The Tunguska Event - The biggest natural explosion in modern history.
There's good reasons why the reptilians have been underground.

"The Tunguska event, or Tunguska blast or Tunguska explosion, was an enormously powerful explosion that occurred near the Podkamennaya Tunguska River in what is now Krasnoyarsk Krai, Russia, at about 7:14 a.m. KRAT (0:14 UT) on June 30 , 1908.

The explosion is believed to have been caused by the air burst of a large meteoroid or comet fragment at an altitude of 3–6 mi above the Earth's surface. Different studies have yielded varying estimates of the object's size, with general agreement that it was a few tens of metres across."

"Although the meteoroid or comet burst in the air rather than hitting the surface, this event is still referred to as an impact. Estimates of the energy of the blast range from 5 to as high as 30 megatons of TNT , with 10–15 megatons of TNT the most likely—roughly equal to the United States' Castle Bravo thermonuclear bomb tested on March 1, 1954, about 1,000 times more powerful than the atomic bomb dropped on Hiroshima, Japan, and about one-third the power of the Tsar Bomba, the largest nuclear weapon ever detonated. The explosion knocked over an estimated 80 million trees covering 2,150 square kilometres (830 sq mi). It is estimated that the shock wave from the blast would have measured 5.0 on the Richter scale."

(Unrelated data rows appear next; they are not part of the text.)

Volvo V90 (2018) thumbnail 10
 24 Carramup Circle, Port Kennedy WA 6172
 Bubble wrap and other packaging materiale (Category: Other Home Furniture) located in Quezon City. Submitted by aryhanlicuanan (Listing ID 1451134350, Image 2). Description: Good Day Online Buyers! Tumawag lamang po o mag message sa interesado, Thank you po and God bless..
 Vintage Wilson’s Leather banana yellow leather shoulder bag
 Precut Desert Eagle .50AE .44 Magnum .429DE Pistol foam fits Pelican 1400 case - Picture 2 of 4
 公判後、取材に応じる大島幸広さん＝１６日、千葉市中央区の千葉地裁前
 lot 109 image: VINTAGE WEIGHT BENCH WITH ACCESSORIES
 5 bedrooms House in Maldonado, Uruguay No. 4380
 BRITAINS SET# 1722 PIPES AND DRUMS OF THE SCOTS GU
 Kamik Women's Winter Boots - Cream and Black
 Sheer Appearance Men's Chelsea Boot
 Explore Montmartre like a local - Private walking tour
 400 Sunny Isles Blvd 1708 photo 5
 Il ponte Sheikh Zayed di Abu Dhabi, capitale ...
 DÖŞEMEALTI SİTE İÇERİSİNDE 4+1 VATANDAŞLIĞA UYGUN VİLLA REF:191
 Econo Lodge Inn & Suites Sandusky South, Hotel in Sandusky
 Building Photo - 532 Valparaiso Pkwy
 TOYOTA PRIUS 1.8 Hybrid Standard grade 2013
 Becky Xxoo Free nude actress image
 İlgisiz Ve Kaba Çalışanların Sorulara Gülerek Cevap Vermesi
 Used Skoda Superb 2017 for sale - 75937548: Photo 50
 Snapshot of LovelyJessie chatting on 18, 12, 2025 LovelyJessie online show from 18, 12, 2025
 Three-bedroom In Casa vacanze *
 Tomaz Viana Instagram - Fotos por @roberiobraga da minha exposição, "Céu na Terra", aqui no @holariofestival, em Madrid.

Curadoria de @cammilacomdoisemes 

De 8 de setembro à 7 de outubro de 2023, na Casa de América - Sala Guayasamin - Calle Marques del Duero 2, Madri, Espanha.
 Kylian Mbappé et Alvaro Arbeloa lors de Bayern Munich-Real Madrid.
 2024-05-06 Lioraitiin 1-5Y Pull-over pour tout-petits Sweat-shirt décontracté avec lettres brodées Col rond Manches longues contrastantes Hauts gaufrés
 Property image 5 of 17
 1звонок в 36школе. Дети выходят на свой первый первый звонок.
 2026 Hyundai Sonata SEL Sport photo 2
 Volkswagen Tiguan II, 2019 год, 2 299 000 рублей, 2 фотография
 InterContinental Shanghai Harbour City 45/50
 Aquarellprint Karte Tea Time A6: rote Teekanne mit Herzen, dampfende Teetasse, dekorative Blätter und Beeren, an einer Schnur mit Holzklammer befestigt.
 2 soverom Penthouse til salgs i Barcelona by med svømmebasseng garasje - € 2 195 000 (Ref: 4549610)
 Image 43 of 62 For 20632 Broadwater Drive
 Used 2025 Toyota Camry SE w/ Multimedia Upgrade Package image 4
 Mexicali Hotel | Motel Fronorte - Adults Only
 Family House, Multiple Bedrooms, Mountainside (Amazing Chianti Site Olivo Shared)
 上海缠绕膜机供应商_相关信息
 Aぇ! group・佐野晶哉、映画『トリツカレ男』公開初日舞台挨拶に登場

"An Irkutsk newspaper dated 2 July reported that, in a village more than 200 miles from the Tunguska river, peasants had seen a fireball brighter than the sun approach the ground, followed by a huge cloud of black smoke, a forked tongue of flame and a loud crash as if from gunfire.
All the villagers ran into the street in panic. The old women wept and everyone thought the end of the world was approaching.
Nearly 400 miles south-west of the explosion, at 7:17 a.m. on 30 June, a train driver on the Trans-Siberian express had to stop his train for fear of derailment due to the tremors and commotion. In towns 300 to 400 miles away, hurricane-like gusts rattled doors, windows and crockery. This was followed within minutes by shock waves which knocked down horses and hurled people working on boats into the river."